Exercise prompt » Skip the pictures. Quote every line below, exactly, from the one with "18072 127th Dr" through the final line.
:: Provided material ::
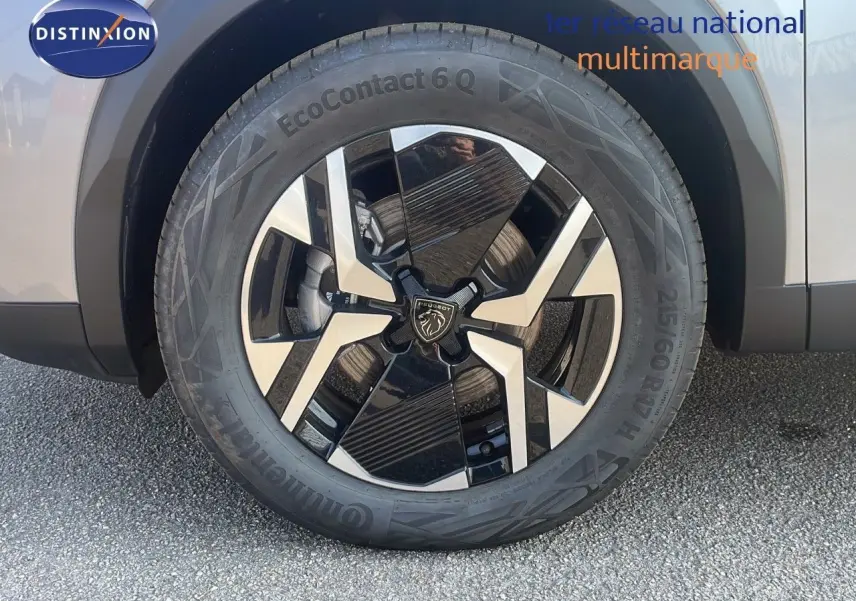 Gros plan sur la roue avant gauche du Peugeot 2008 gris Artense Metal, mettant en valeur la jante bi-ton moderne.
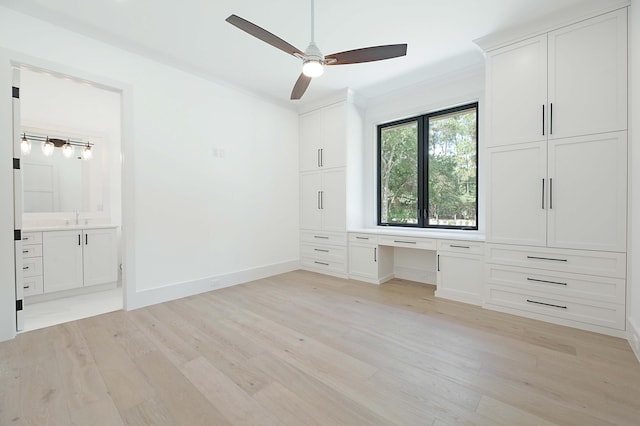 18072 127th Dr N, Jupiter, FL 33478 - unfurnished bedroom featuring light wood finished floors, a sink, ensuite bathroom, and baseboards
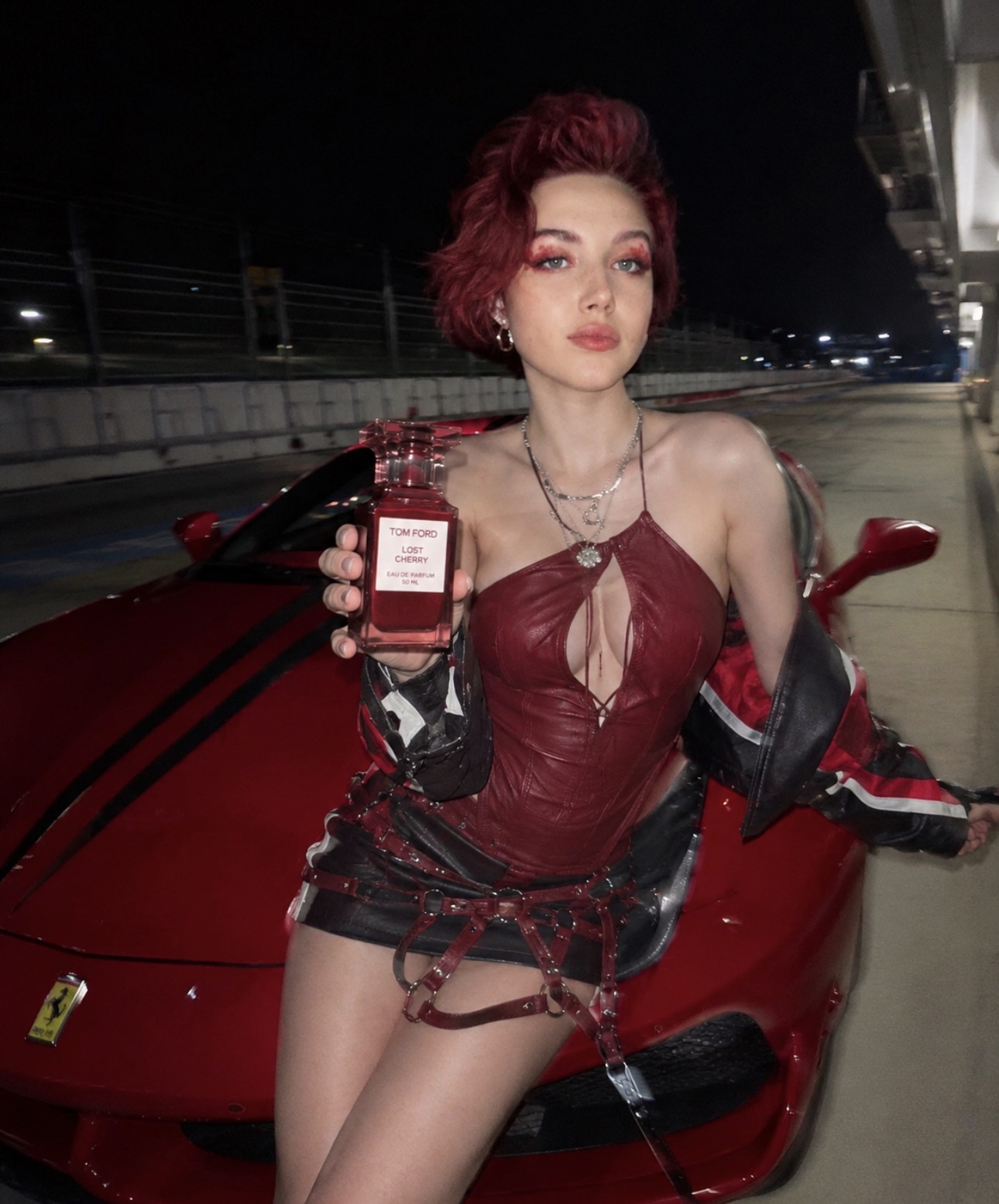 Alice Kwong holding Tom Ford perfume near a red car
:::
Solution for this problem »
 18072 127th Dr N, Jupiter, FL 33478 - unfurnished bedroom featuring light wood finished floors, a sink, ensuite bathroom, and baseboards
 Alice Kwong holding Tom Ford perfume near a red car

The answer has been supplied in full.